**Task directions**.
Within the records that follow, restate exactly the lines from the line with "When the fishermen" down to the line with "Boraboy’ da Orman Yangını !", including both. Omit the pictures.

**Records for this exercise**.
======

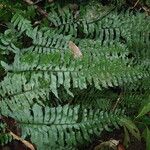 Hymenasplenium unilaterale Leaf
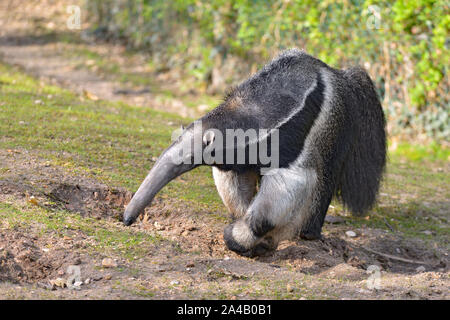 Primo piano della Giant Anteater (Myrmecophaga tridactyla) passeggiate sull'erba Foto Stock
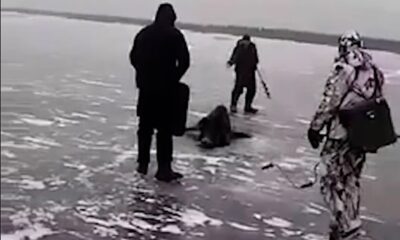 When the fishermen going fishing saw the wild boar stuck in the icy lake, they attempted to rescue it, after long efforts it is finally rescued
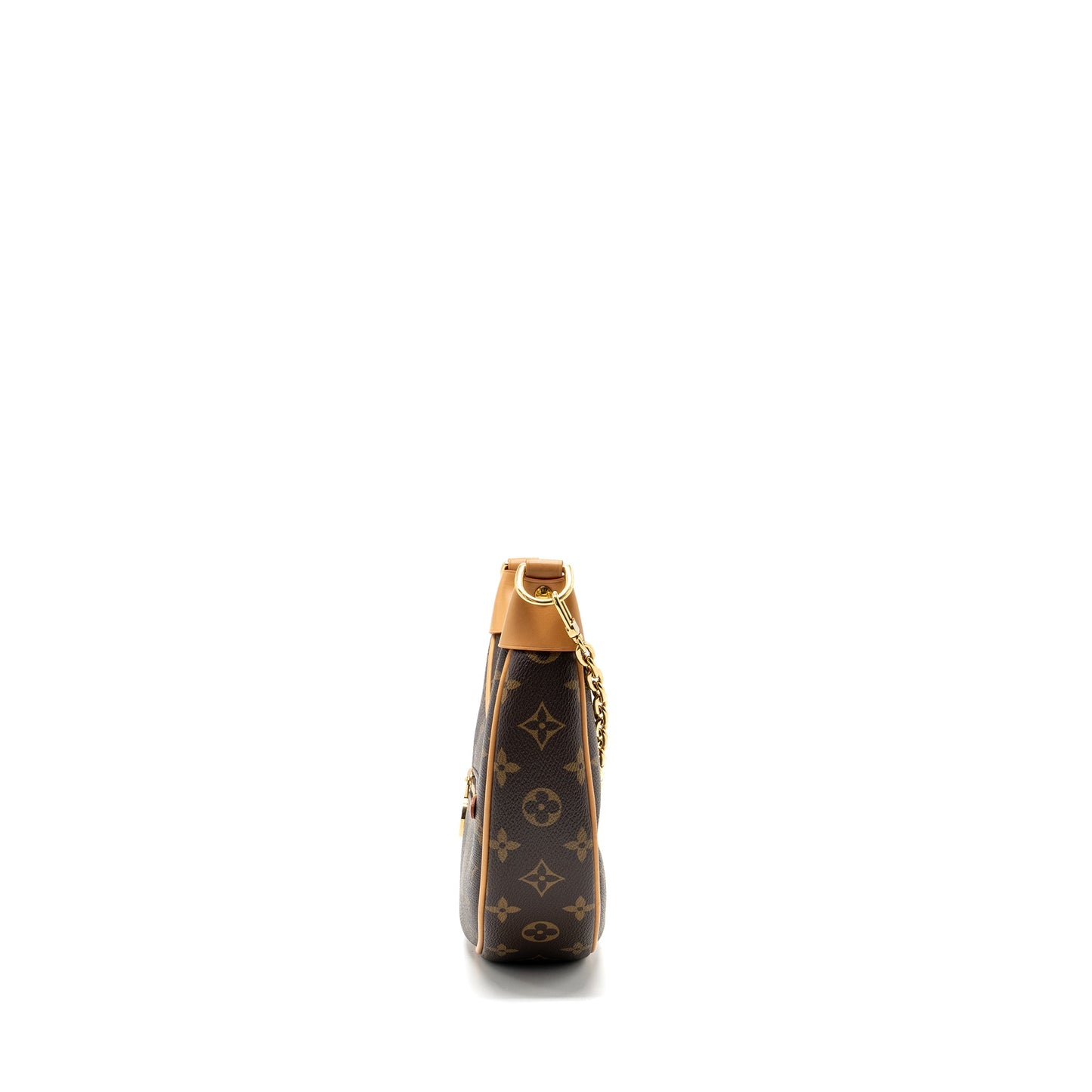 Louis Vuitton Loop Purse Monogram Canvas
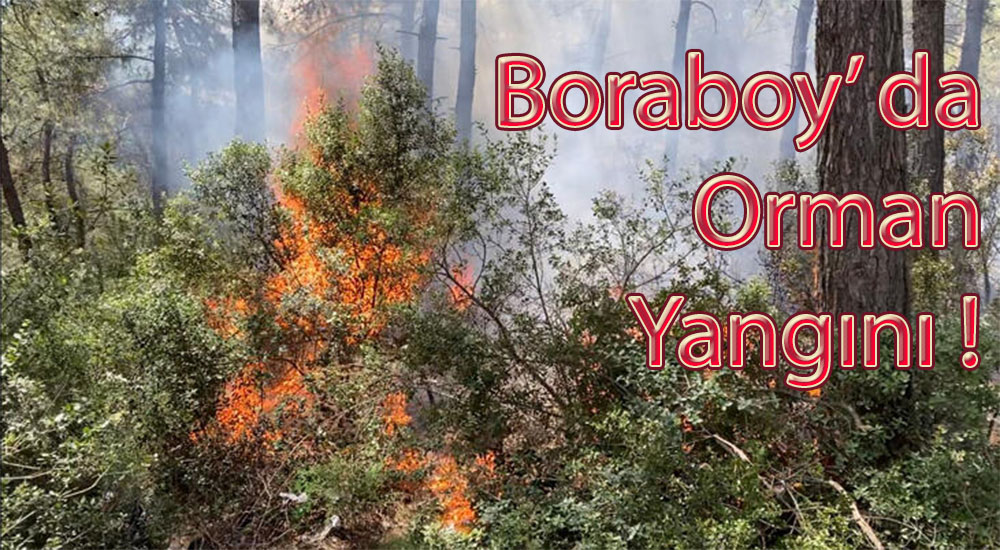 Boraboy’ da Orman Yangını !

======

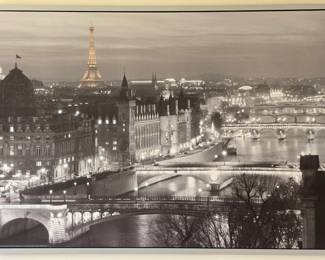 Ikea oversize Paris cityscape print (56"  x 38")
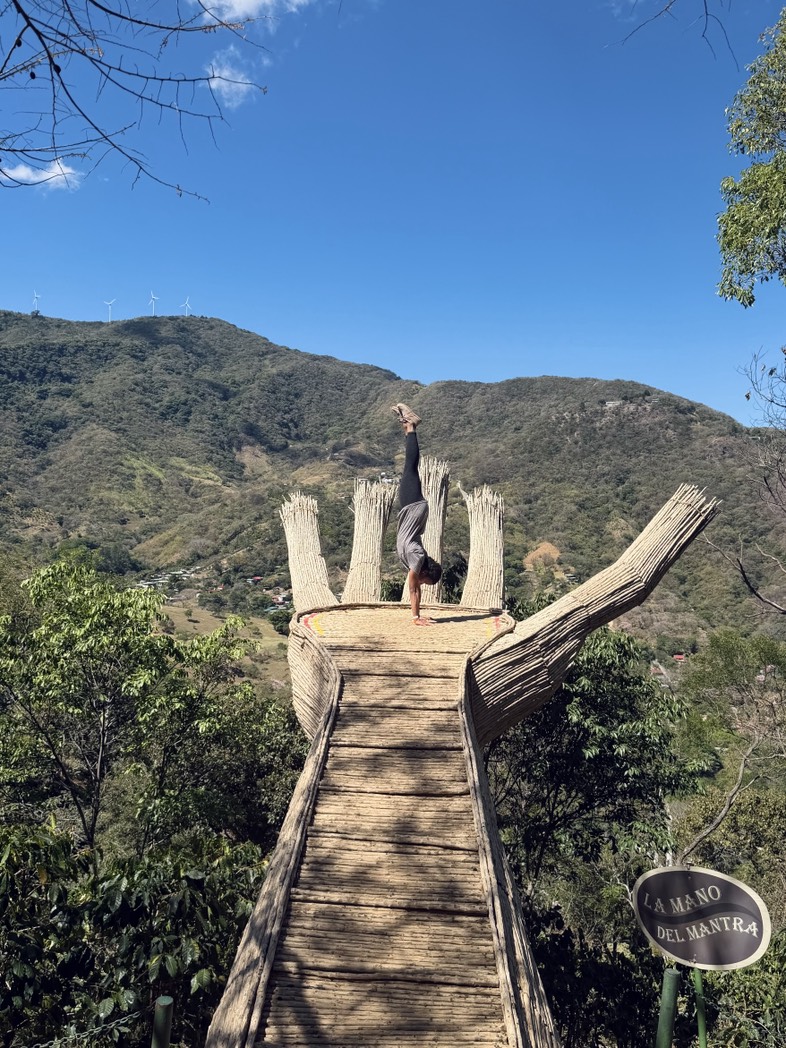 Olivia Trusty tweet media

======

**Output of the exercise**.
 When the fishermen going fishing saw the wild boar stuck in the icy lake, they attempted to rescue it, after long efforts it is finally rescued
 Louis Vuitton Loop Purse Monogram Canvas
 Boraboy’ da Orman Yangını !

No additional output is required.